* WHAT TO WORK ON *
Nothing but the lines below from the one that contains "Double-Sided Dual-Color Sandwich" through the one that contains "Calcetines arcoíris de" should be retyped, exactly and including both ends. Do not include pictures.

* DATASET CONTENT *
>>>

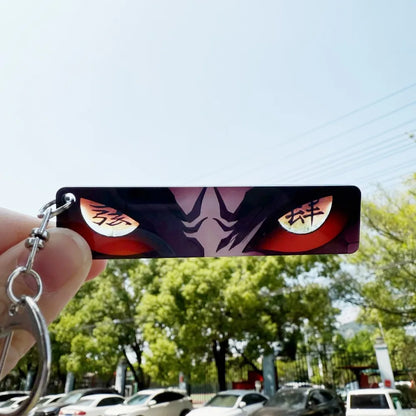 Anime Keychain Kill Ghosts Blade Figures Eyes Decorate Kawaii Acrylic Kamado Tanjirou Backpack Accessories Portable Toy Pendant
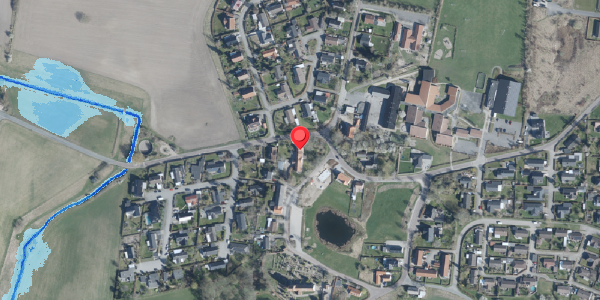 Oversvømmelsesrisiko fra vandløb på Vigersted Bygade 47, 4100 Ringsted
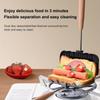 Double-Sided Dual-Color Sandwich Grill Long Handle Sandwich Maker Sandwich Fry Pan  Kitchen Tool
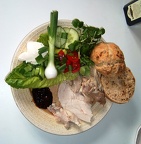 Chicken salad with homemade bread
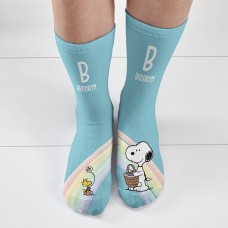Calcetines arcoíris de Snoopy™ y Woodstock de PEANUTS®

<<<
>>>

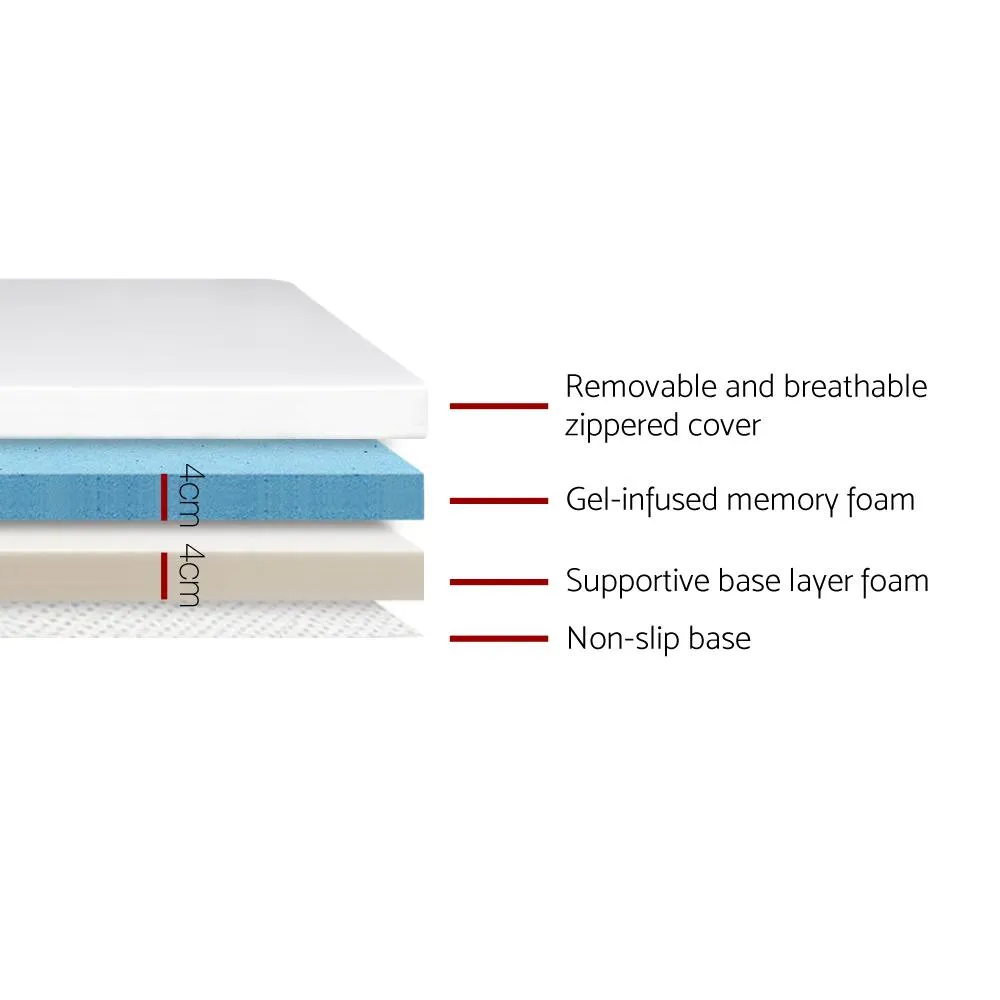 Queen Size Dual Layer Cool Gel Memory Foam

<<<

* RESPONSE TO THE TASK *
 Double-Sided Dual-Color Sandwich Grill Long Handle Sandwich Maker Sandwich Fry Pan  Kitchen Tool
 Chicken salad with homemade bread
Calcetines arcoíris de Snoopy™ y Woodstock de PEANUTS®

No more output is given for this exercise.